Tuberculosis: thoracic manifestations

Case contributed by Melbourne Uni Radiology Masters


Back pain. Loss of weight in a young male patient previously well.

Patient Data

Age: 27-year-old
Gender: Male

CT Chest


There is gross enlargement and necrosis of retro-esophageal lymph nodes in the mid-posterior mediastinum over a length of 80mm with symmetrical distribution either side of the thoracic vertebrae. Several small necrotic pre vascular and a 13mm aortopulmonary necrotic node is also demonstrated. There is bony involvement with the destruction of the left posterior vertebral body of T8. No obvious extension into the neural canal. The lesion margins appear sclerotic with sclerosis also involving the vertebral body of T7 in the absence of a destructive lesion. There is no apparent disc involvement.
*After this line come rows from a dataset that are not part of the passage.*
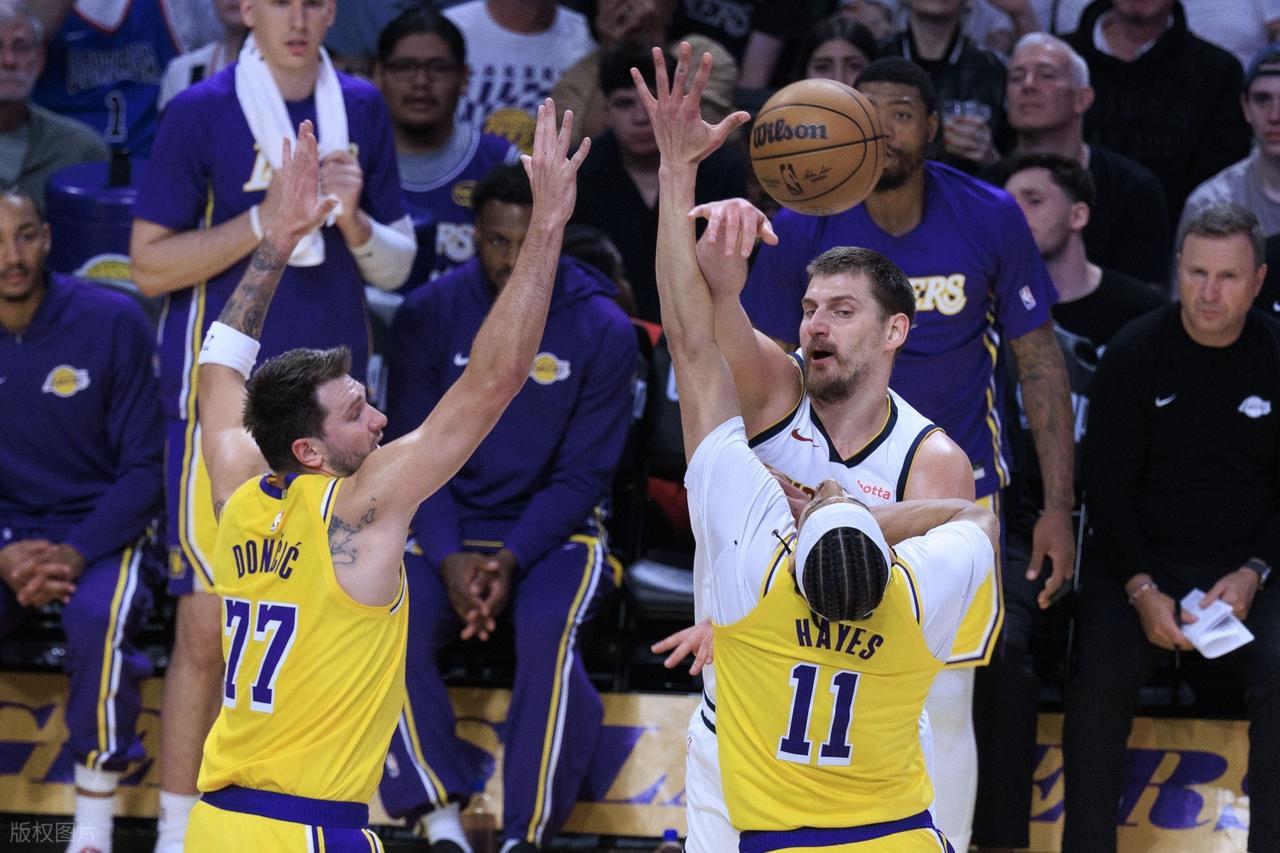 开云体育下载-逆天绝杀！东契奇30+11+13！詹姆斯玩命了，约基奇空砍24+16+14+5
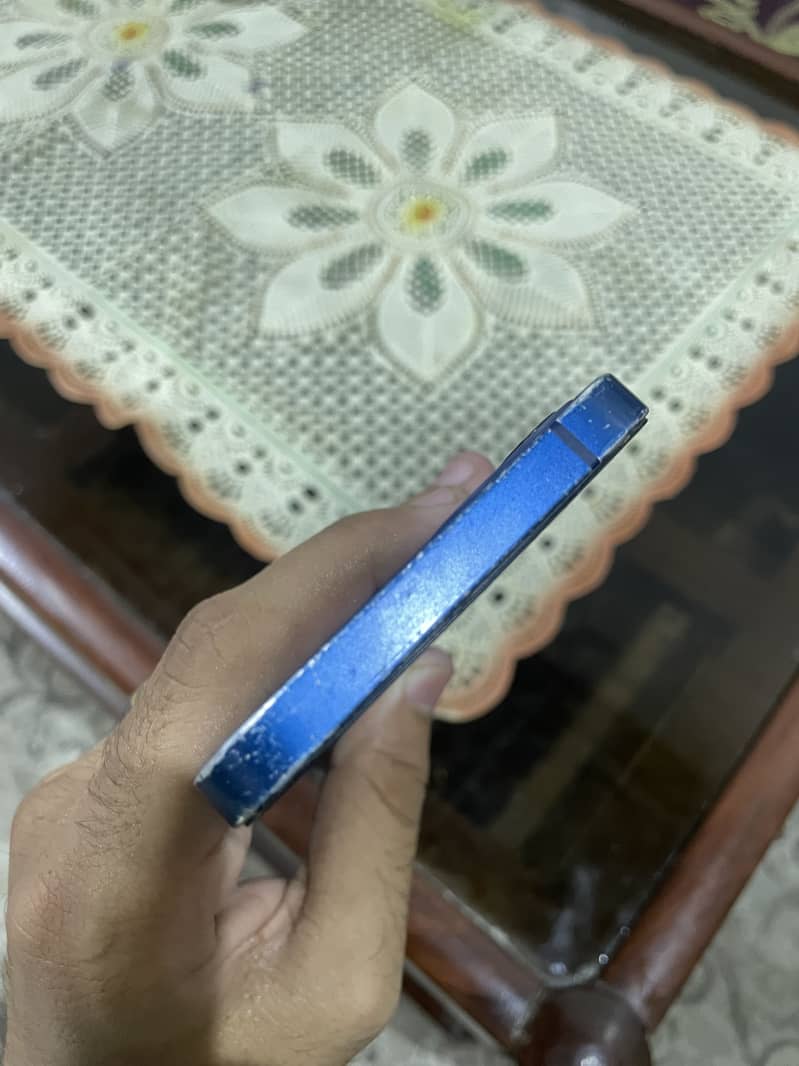 Apple iPhone 12 8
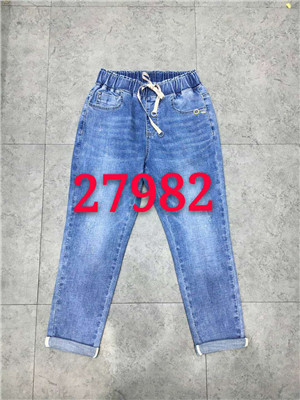 W604527982女牛仔九分裤MD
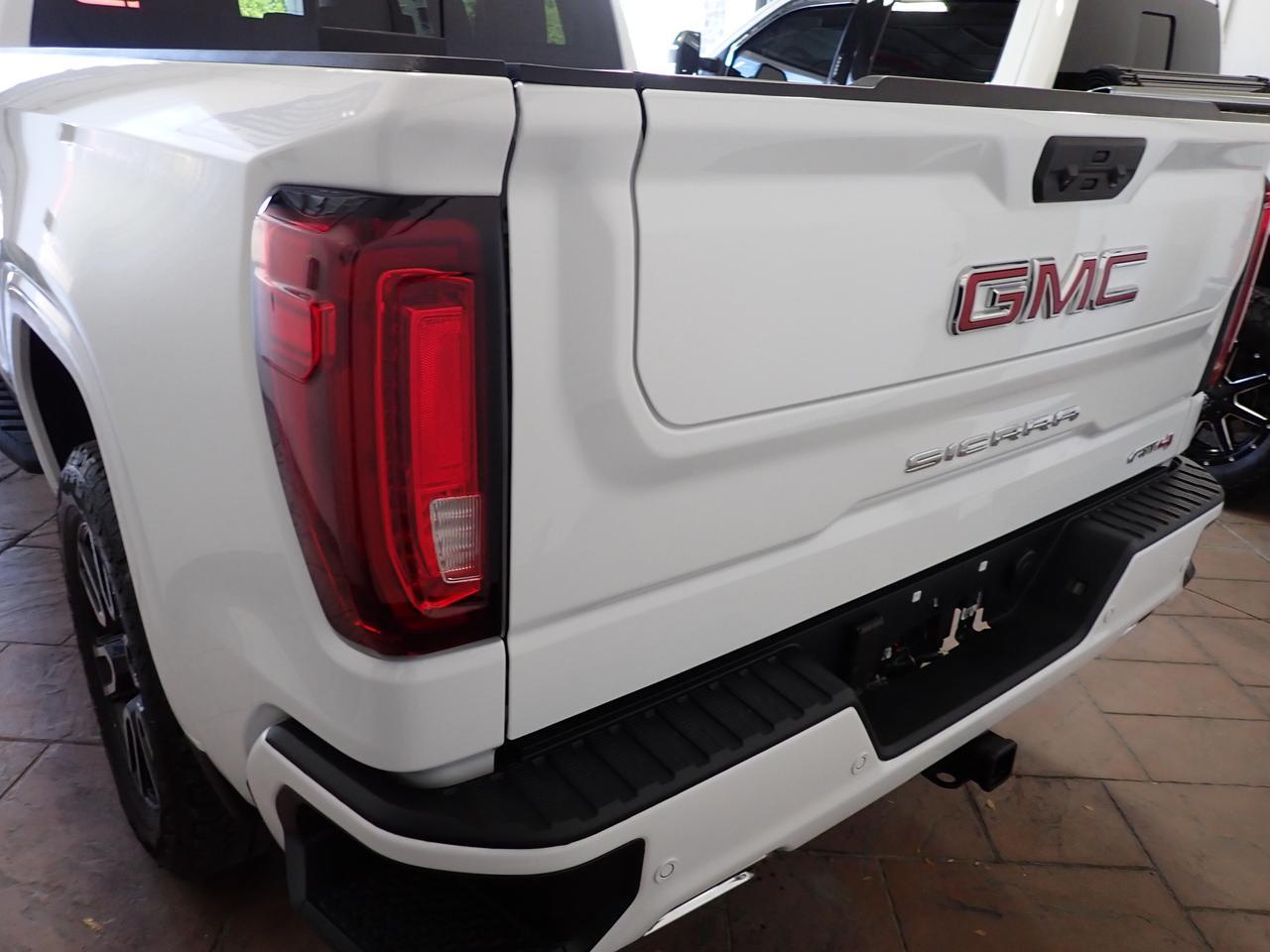 2026 GMC Sierra 1500 AT4 4WD CREW CAB LEATHR NAVI SUNROOF Listowel ON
There are multiple broad-based pleural thickenings predominantly involving the posterior wall of both lungs more severe on the left. Atelectasis involving the left lower lobe with associated small left pleural effusion is demonstrated. No evidence of a cavitating lesion or scarring. Ground-glass opacities are seen involving the base of the right upper lobe. Abdominal viscera demonstrated within the limits of this study appear normal. No suspicious soft tissue or bony lesion demonstrated.

Conclusion: Extensive necrotic posterior mediastinal and prevascular lymph nodes with bony destruction involving the left lateral border of the T8 vertebral body. Left lower lobe atelectasis and small effusion with right upper lobe ground glass changes. Findings are in keeping with tuberculosis.

Recommend MRI thoracic spine to confirm suspect spinal canal encroachment.

Case Discussion

The prevalence of the disease is around 30 million globally and 1-3% of the 30 million have involvement of bones and joints. Mycobacterium tuberculosis is responsible for almost all the cases of osteoarticular tuberculosis. Although atypical mycobacteria have been reported in lesions of the synovial sheath.

Osteoarticular tuberculosis can occur in the spine, hip, knee, foot, elbow, wrist, hand, shoulder and as diaphyseal foci. It has not been reported to affect mandible and temporomandibular joint. The major method of spread is hematogenous. The most common method of spread to the vertebral body is through Batson's prevertebral venous plexus.

This case was confirmed Mycobacterium tuberculosis infection.